Training meetings are by far the largest source of agents working the queue outside of their scheduled time. Transition time is a distant second. We will now look to see which agents run into meeting times and which agents drop meetings early. For brevity, the following graph shows only lost hours greater than one.

actual_work_ %>%
  filter(edge_check != "normal") %>%
  left_join(plot_actual_work, by=c("Attendee Agent Id" = "Attendee Agent Id",
                "start_date"= "start_date")) %>%
  mutate(lost_hours = raw_work_hours - work_hours.y) %>%
  group_by(`Attendee Agent Id`, Description, edge_check) %>%
  summarize(total_lost = sum(lost_hours)) %>%
  filter(total_lost > 1) %>%
  ggplot(aes(x=reorder(`Attendee Agent Id`, desc(total_lost)),
             y=total_lost, fill=edge_check)) +
  geom_col() +
  scale_y_continuous(limits = c(0, 60)) +
  theme(axis.text.x = element_text(angle = 90, vjust = 0.5, hjust=1), 
        legend.position = "top",
        legend.justification = c(-0.02,0)) +
  geom_text(aes(label=round(total_lost,0)), 
            vjust=-0.3, hjust=0.5, size=3) +
  labs(title="Meeting Time Loss by Agent",
       x="Agent",
       y="Total Hours",
       fill="Reason") +
  facet_wrap(~Description)

Here we see a handful of people account for the vast majority of the meeting time leakage.
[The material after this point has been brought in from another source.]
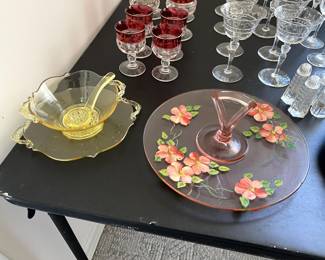 Yellow & Pink Depression Glass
Three agents make up 75 out of 79 leaked meeting hours. Lastly, we will determine the percentage of lost ADD hours attributable to individual agents.

last_plot<- 
  actual_work_ %>%
  filter(edge_check != "normal") %>%
  left_join(plot_actual_work, by=c("Attendee Agent Id" = "Attendee Agent Id",
                "start_date"= "start_date")) %>%
  mutate(lost_hours = raw_work_hours - work_hours.y)

actual_work_ %>%
  filter(edge_check != "normal") %>%
  left_join(plot_actual_work, by=c("Attendee Agent Id" = "Attendee Agent Id",
                "start_date"= "start_date")) %>%
  mutate(lost_hours = raw_work_hours - work_hours.y) %>%
  group_by(`Attendee Agent Id`) %>%
  summarize(percent_lost = sum(lost_hours)/sum(last_plot$lost_hours,
                   na.rm = TRUE)) %>%
  filter(percent_lost >= 0.01) %>%
  ggplot(aes(x=reorder(`Attendee Agent Id`, desc(percent_lost)),
             y=percent_lost, fill="#F8766D")) +
  geom_col() +
  theme(axis.text.x = element_text(angle = 90, vjust = 0.5, hjust=1),
        legend.position = "none",
        legend.justification = c(-0.02,0)) +
  geom_text(aes(label=round(percent_lost,2)),
            vjust=-0.3, hjust=0.5, size=3) +
  labs(title="Percent of All Meeting Time Lost by Agent",
       x="Agent",
       y="Percent")

A single agent is responsible for 41% of the total number of hours lost due to working during a meeting.